Put this in your playoff expansion pipe and smoke it.

The average attendance at bowl games rose by more than three percent in 2018-19, snapping a streak of seven consecutive seasons in which the industry saw an overall decline.

The average attendance for bowl games this season was 41,802. That’s up from last season’s average of 40,508 according to NCAA attendance figures.

I have no idea why.  It comes in the face of declines in 20 of 38 games, including nine of which were by double-digit percentages.  (Though some of that is no doubt attributable to the CFP’s curious insistence on dodging New Year’s Day, and, as the article notes, playing the title game in Northern California instead of Atlanta.)

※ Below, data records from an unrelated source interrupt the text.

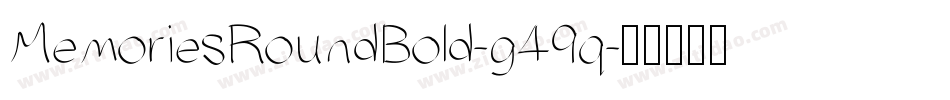 MemoriesRoundBold-g49q字体转换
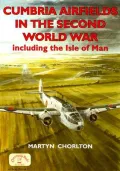 Cumbria Airfields in the Second World War, Including the Isle of Man: Including the Isle of Man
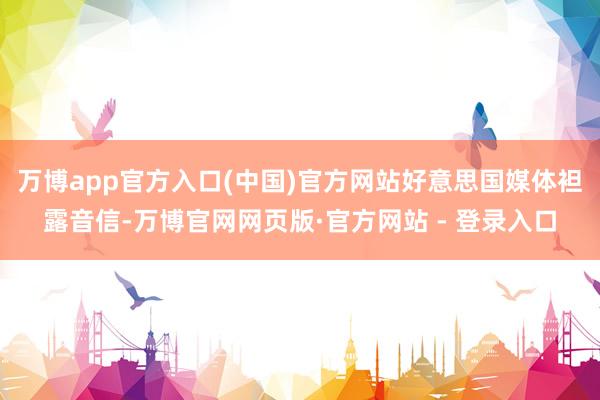 万博app官方入口(中国)官方网站好意思国媒体袒露音信-万博官网网页版·官方网站 - 登录入口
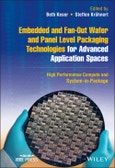 Embedded and Fan-Out Wafer and Panel Level Packaging Technologies for Advanced Application Spaces. High Performance Compute and System-in-Package. Edition No. 1. IEEE Press- Product Image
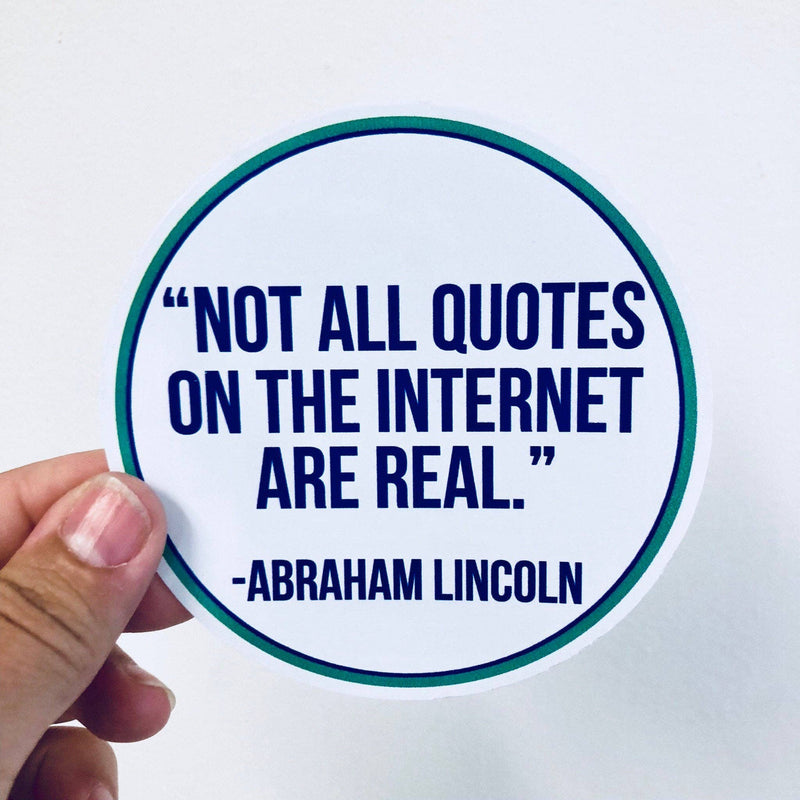 Not all quotes on the internet are real sticker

In any event, don’t be surprised when people questioning the need for an expanded playoff cite this as a data point in expressing concern over how a larger playoff field would impact the bowls.


Filed under BCS/Playoffs

6 responses to “Don’t bury bowls, ’cause they’re not dead yet.

  1. Russ

    I suspect Kentucky accounted for half that increase. When was the last time they were in a New Year’s bowl?


  2. I haven’t compared the games to see if more over them were competitive but I would imagine the overall economy being better has something to do with the game attendance.


  3. BK

    I don’t normally respond, but if they would lower the prices, they would obviously have a much higher take rate. We usually go to the belk bowl if we are in town, but when they want to charge 80/ticket for two teams I really don’t care about, it is hard to justify. I would gladly pay 80-100 for both of us to go, but not one. Especially when it is the belk bowl. It’s the same for the season opener they usually play at Charlotte. Just give us more reasonable prices, even if you don’t make quite as much money. I’m sure you will make up for it on the back-end with concessions at 10/beer.


  4. CB

    I’m gonna go ahead and guess that dirt cheap ticket prices were a contributing factor. Donors seem to be less and less interested in attending bowls and will take $20 a ticket if that’s all they can get. Maybe… idk


  5. 30904Dawg

    The article is misleading and offers incomplete data. With the First Responder Bowl not being played, it should not have been figured into the average attendance for 2017. If you look at the average bowl attendance for the bowls that were played BOTH seasons, you get a negligible increase from 41,021 (2017) to 41,093 (2018). Assuming that the First Responders Bowl had actually occurred and had the same attendance as last year, the figures are 40,508 (2017) and 40,578 (2018).